LETTERE E COMMENTI

A Terni, «Strada facendo» senza farsi strada

CIOTTI LUIGI,

Fare strada, non «farsi strada». È questo il senso profondo del quarto appuntamento di «Strada facendo» che si apre oggi a Terni. 1.200 operatori del sociale, educatori, volontari, insegnanti, studiosi, sindacalisti che si confrontano con amministratori pubblici e con politici su temi che toccano e spesso soffocano la vita di tante persone: il lavoro, la casa, lo stato sociale, l'immigrazione, il futuro dei giovani, il carcere e le politiche penali. Per fare strada e non farsi strada, per costruire insieme una società del «noi», dove ogni persona possa essere riconosciuta nei suoi diritti, nella sua dignità.
Sono temi attraversati tutti dalla crisi economica, ma a Terni ribadiremo che, prima che economica, questa è una crisi di diritti.
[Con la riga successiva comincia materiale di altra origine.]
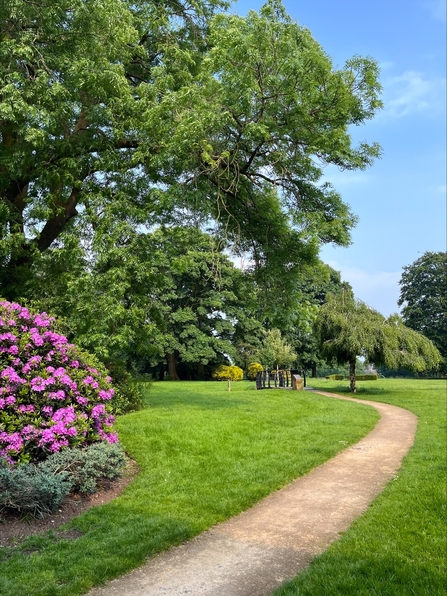 A path runsa through a park with trees and flowers on the left of the path. 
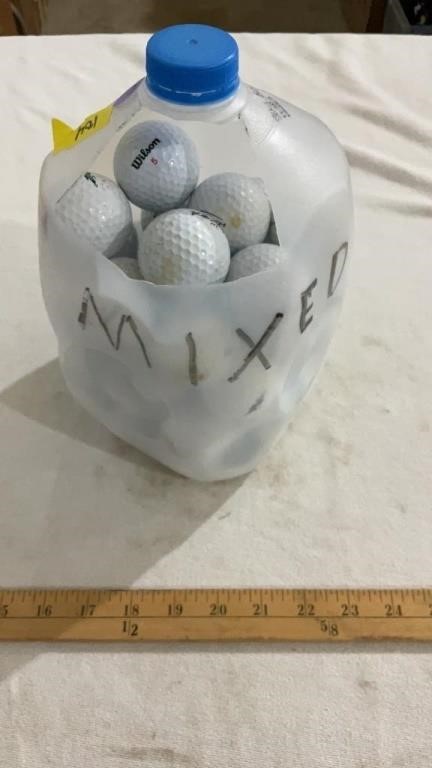 Milk jug full of golf balls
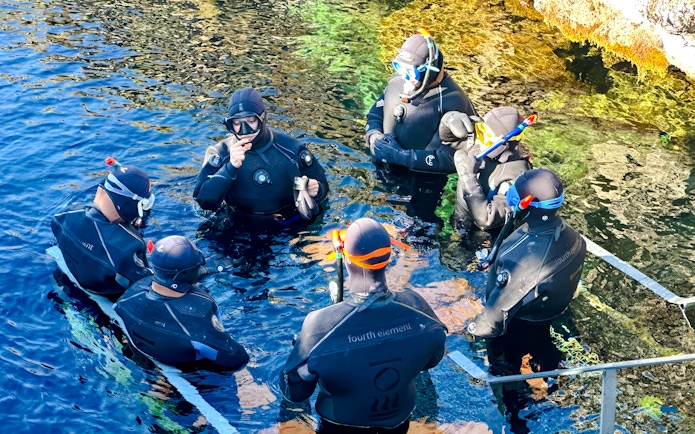 Guests preparing to snorkel in Silfra, Iceland, wearing wetsuits and snorkels.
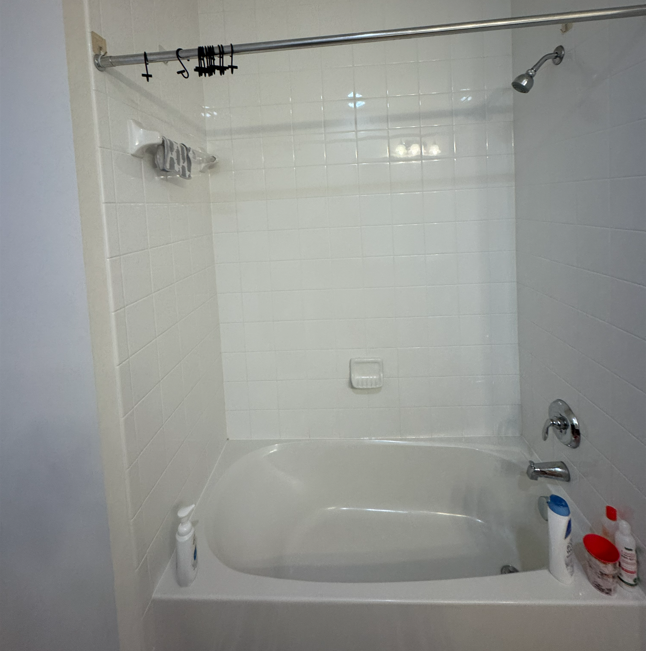 A white bathtub with a showerhead and a curtain rod with rings, against tiled walls, with toiletries on the ledge.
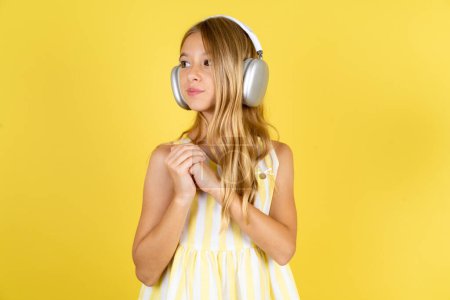 Téléchargez les photos : Fille portant une robe jaune sur fond jaune porte un casque stéréo écouter de la musique concentrée et regarder de côté avec intérêt. - en image libre de droit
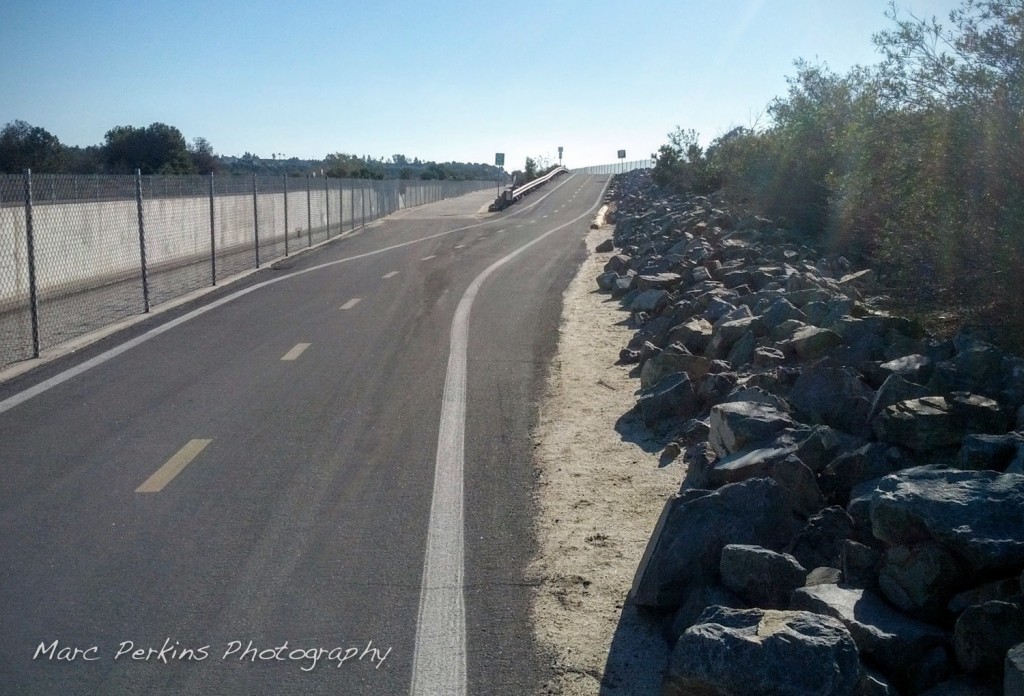 The exit to Fairview Park is just down a little slope from the fork that exits to Adams Ave. The Santa Ana River Trail continues up the slope in this image; the Fairview Park exit continues on level ground to the left.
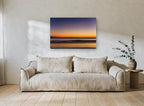 Crescent Moon Dusk coastal canvas print on the wall of a living room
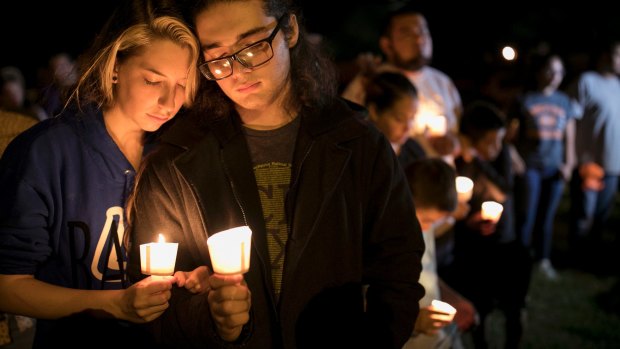 Residents of Sutherland Springs hold a vigil for victims, half of whom were children. 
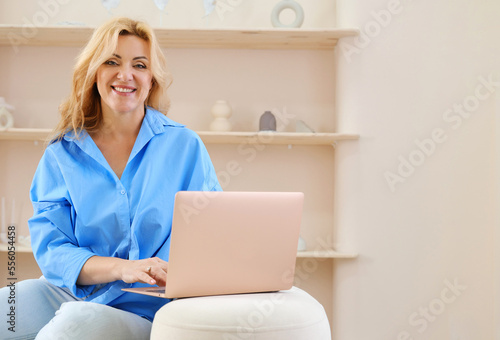 Beautiful mature blonde woman in a blue shirt sits on a sofa with a laptop in a beige color interior, looks at the camera and smiles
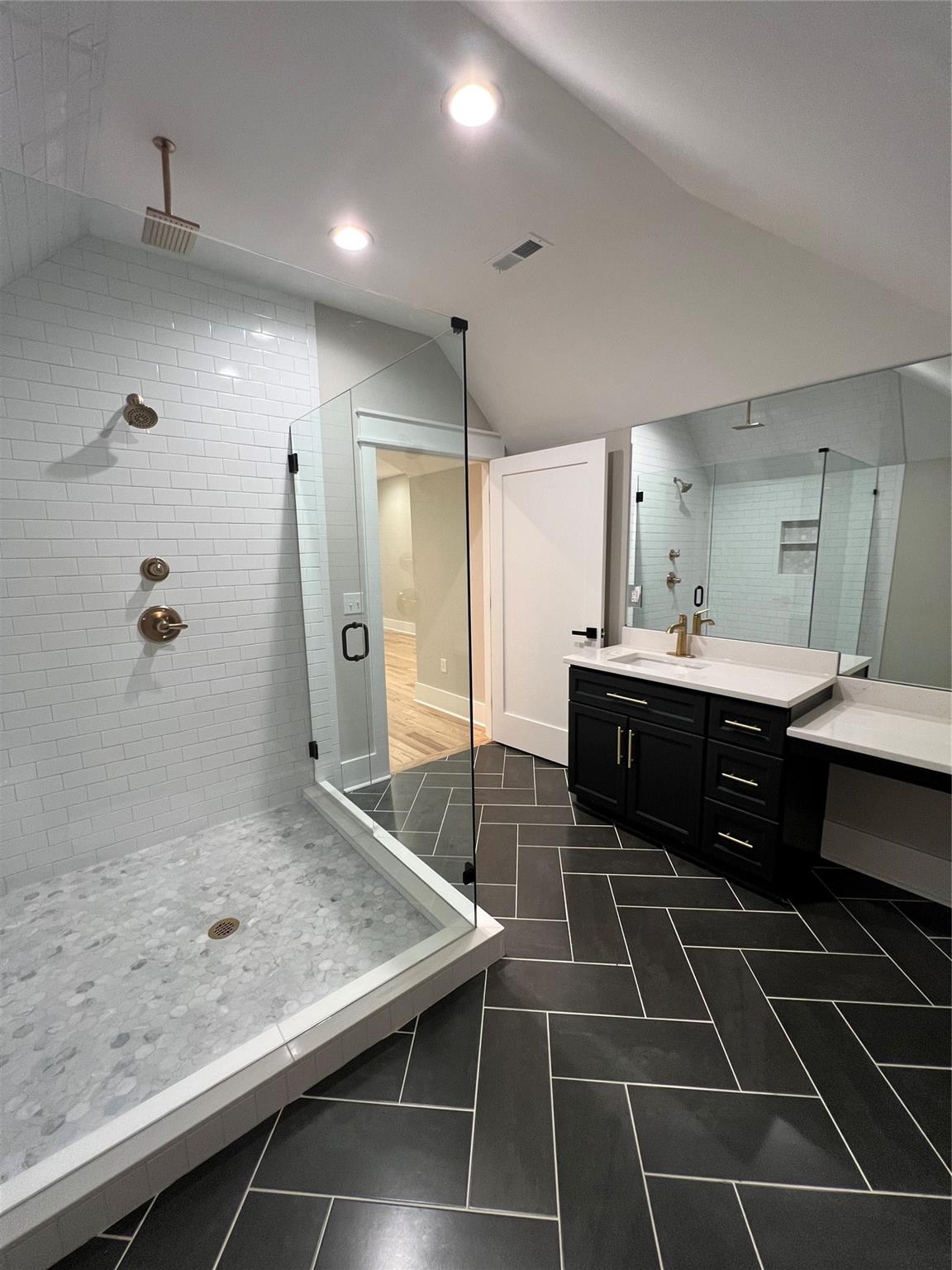 1022 Piney Drive Monroe, NC 28110 - Photo 44 of 48 a bathroom with a double vanity sink mirror and shower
Una crisi politica, etica, culturale. Una delle spie più evidenti è proprio il modo in cui si affrontano i problemi sociali. Nel migliore dei casi secondo la logica dell'emergenza, della soluzione «tampone» che agisce sui sintomi ma lascia intatte le cause. Nel peggiore, con la rimozione, la distorsione, la demagogia.
Stiamo assistendo a una impressionante riduzione del «sociale» in «penale». Le carceri scoppiano, diventano luoghi di sola sofferenza? Si annuncia la costruzione di nuovi padiglioni, ben sapendo che subito verrebbero riempiti, perché il problema non è solo quello di ampliare e, come giusto, modernizzare l'edilizia carceraria, ma di fare in modo che le persone in carcere non ci finiscano. Sembrava una conquista culturale acquisita, quella che riconduce gran parte della devianza alla povertà di politiche sociali, alla carenza di strumenti educativi e culturali, e invece ci ritroviamo in una situazione in cui chi nasce povero, meno garantito, ha poche speranze di risalire la china, viene abbandonato a un destino che non lascerebbe indifferente una società più giusta e solidale.
Lo stesso accade con l'immigrazione. Potrebbe essere una grande opportunità: umana, culturale, anche economica, dal momento che la storia cammina da sempre sulle gambe dell'incontro con le diversità. Invece si è voluto far prevalere le ragioni dell'io su quelle della vita. Alla via difficile ma feconda dell'integrazione, di norme capaci di coniugare accoglienza e legalità, si è preferita la scorciatoia della repressione e della demagogia.
E poco importa se molte di quelle norme e ordinanze - in primis il mostro giuridico chiamato «reato di clandestinità» - incontrano difficile applicazione, vuoi per la scarsità di mezzi, vuoi per la resistenza morale di chi non vuole farsi complice di misure apertamente razziste. Ciò che conta, e preoccupa, sono le ricadute culturali, il riemergere dell'intolleranza, la legittimazione di una sicurezza «fai-da-te», sempre più sganciata dall'orbita del diritto.
Siamo a Terni per discutere di tutto questo, per chiedere alla politica di affrontare la crisi economica con un approccio diverso, con più grinta, più lungimiranza, ma anche più onestà. La mancanza di risorse non può diventare un alibi per tacere sulla loro iniqua distribuzione. Tra i paesi sviluppati, l'Italia è uno di quelli in cui è più cresciuta in questi trent'anni la distanza fra le classi sociali, lo scarto tra i profitti e i salari.
Chiederemo alla politica di non allontanarsi più dalla storia delle persone, di avere a cuore il bene comune e non solo quello di pochi potenti e privilegiati, di abbandonare i personalismi, le tattiche senza strategie, i compromessi al ribasso.
Senza dimenticare che politica siamo anche noi. Che la democrazia è un sistema prezioso quanto fragile che chiede a tutti i cittadini di guardare un po' oltre se stessi, e che le difficoltà attuali non possono giustificare, soprattutto in chi lavora nelle accoglienze, a stretto contatto con chi fa fatica, lo scoraggiamento, il ripiegamento, la routine.
«Sociale» vuol dire persone che chiedono, a volte con il solo sguardo, attenzione, prossimità, riconoscimento. «Sociale» è incontrare quegli sguardi di verità. Vuole dire camminare insieme a loro. Fare strada e non farsi strada.